[Problem statement]: The expected output is each line from the one containing "چک‌لیست دیجیتالی کردن کافه" to the last line of the data below, set down exactly, minus the pictures.

[Dataset content]:
================
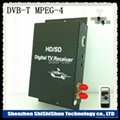 DVB-T MPEG-4 car digital tv receiver dual tuner (M-618)  3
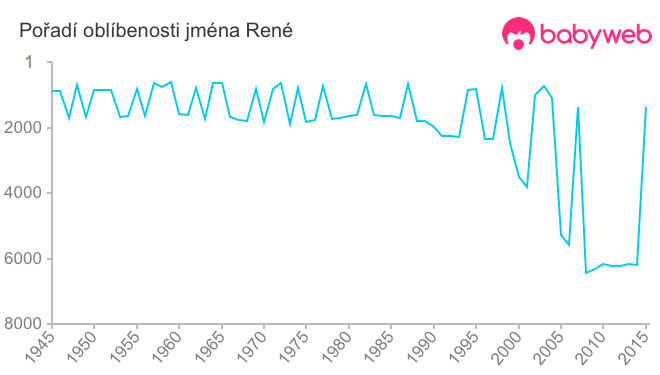 Pořadí oblíbenosti jména René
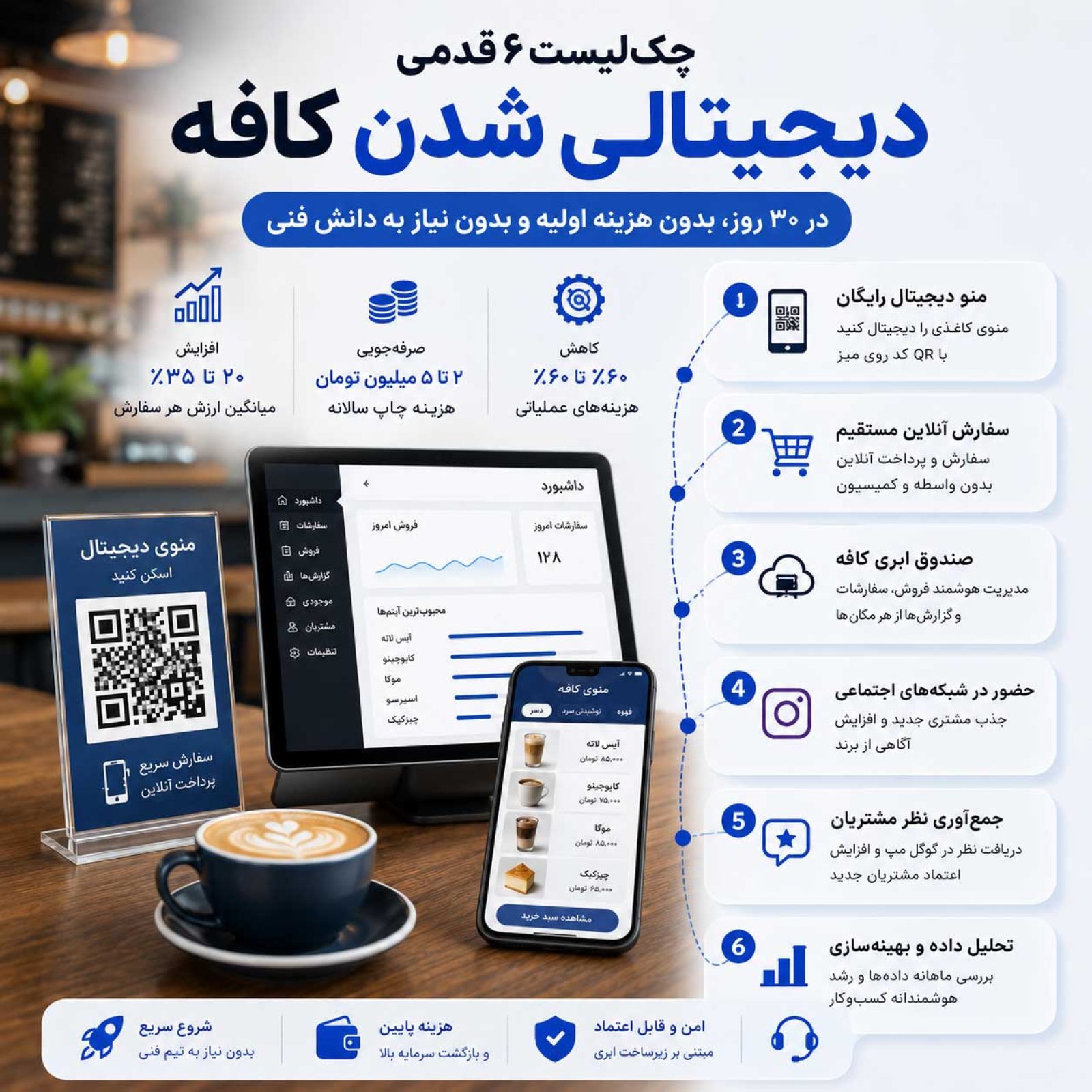 چک‌لیست دیجیتالی کردن کافه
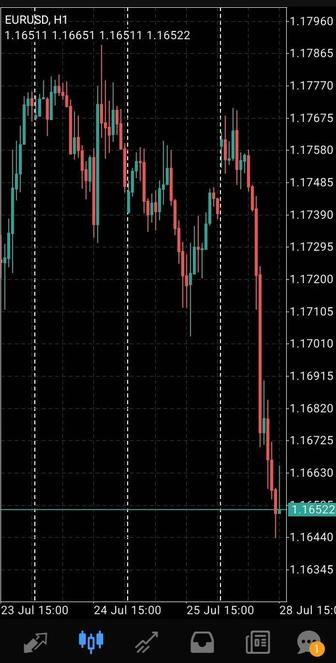 Forex эффективное обучение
================
[Task answer]:
 چک‌لیست دیجیتالی کردن کافه
 Forex эффективное обучение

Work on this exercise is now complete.